I dont want the post to turn into something negative about 'buying a job' and doing it the hard way etc. I appreciate the sacrifices others have put in to get to these airline doubt, but these programs were not exactly around years ago and I would consider them, IF, there is a good prospect of working for the airline as a FO after training and 1500 'to a satisfactory level' in other words you didnt flunk or have other issues etc with crew. However if someone was a good team player, good pilot, passed everything with flying colors and paid extra and was then told at the end of it 'yeh we had the interview to satisfy the terms and conditions but we are not hiring you' then that is a different story.

So if anyone is currently in one of these programs or completed one....please let me know


Likes tacos
So... there are some differences in what JetBlue is doing and what most of the other cadet programs do.

For the latter, it's more or less a way to get hour building pilots interested. You fly out, and will generally do a tour, maybe an interview, meet some corporate people, get an employee number, be assigned a mentor, or some variation of those. The advantage to the pilot is that they get their seniority going, so if they start at that carrier, they will be among first picks for sim times, duty location, etc. For the carrier, they get a minor investment from the pilot in terms of being walked around the offices/hangar, and maybe you'll be more likely to go with them when you hit 1500 hours so you keep that seniority bump. A few carriers, like Envoy, also offer a contract you can sign where you'll get a few other benefits, like an advance on your bonus and non rev privileges when you get close on hours.

JetBlue's is a different story. They're trying to move towards the ab initio model, where the airline pays for the training but you're contractually committed to them for a period of time. Basically you pay $125k (IIRC) and they send you to CAE Phoenix at Falcon Field for your licenses.

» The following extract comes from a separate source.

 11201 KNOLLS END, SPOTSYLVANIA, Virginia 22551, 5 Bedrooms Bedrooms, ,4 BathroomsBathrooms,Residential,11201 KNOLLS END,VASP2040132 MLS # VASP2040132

Then you turn around and instruct at CAE until you reach 1500. In the interim, they'll occasionally send you to JetBlue U in Orlando (and maybe other locations, can't remember), where you do some company stuff and spend some time in the E190 sim. At 1500 hours, you're then eligible to be an E190 FO with JetBlue, also there's no contract so you could go do whatever. I don't know if anybody has gone all the way to the Embraer yet; the program is about 2.5 years old so seems like it should be about that time.